Why, why, why, is file I/O so hard to implement in a reliable way in C++? I haven't done much work with files in C, but the things I've done work well. Same thing with python. Java's file I/O is just a joke (why do I need three classes to read a file?), but at is more reliable than C++.

Think twice before I use std::fstream again. You code might be fine on implementation of the C++ standard library, but will fail on another. Sad.

3 comments:

Frank Jacobs said...

Thanks for the post.

Java's file I/O is just a joke (why do I need three classes to read a file?

I can see what you mean. In terms of lines of code, the extra levels result in extra lines of code when it seems like it should be a one-liner.

But, the Java I/O API does come in handy. Having File distinct from Reader/InputStream makes it easy to design code that isn't dependent on files. Say I write a class that does some I/O, I can have it's input provided via a Reader or InputStream (instead of a File).
This leads to a good unit test as the test can provide something in memory like ByteArrayInputStream for input. Sure, if the input was a File, the test could give it a File. But, then you end up with a unit test that isn't as fast to execute due to file I/O. And, the unit test starts to look more like an integration test.

So, I guess maybe it's the good with the bad here: flexibility traded for a few more lines of code.

Torgny said...

You are right, of course. InputStreams and Readers do make it possible to write unit-tests without having to resort to direct file access.

However, I fail to see the reason why it needs to more complicated than the python equivalent (open in production code and StringIO in tests).

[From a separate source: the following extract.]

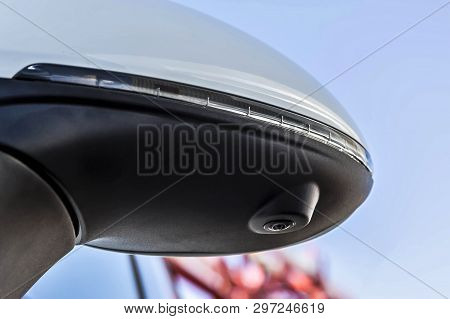 Rear View Mirror With Turn Signal And Surround View 360 Degrees Camera. Close Up. On A White Premium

Sure, sometimes you need very fine-grained control over how data is written (e.g, what kind of buffering). And in those cases Java's solution is perfect. But that's the exception -- not the common case (in my experience). In most cases you just want to get the data...

I guess what I'm saying is flexibility traded for a few more lines of code must be complemented with a simple way of doing the simple things.

Thank you for your comment!

Frank Jacobs said...

Good points.

...the python equivalent (open in production code and StringIO in tests)

Yeah, that seems like a nice, simple approach. I like that.

Thanks for the response!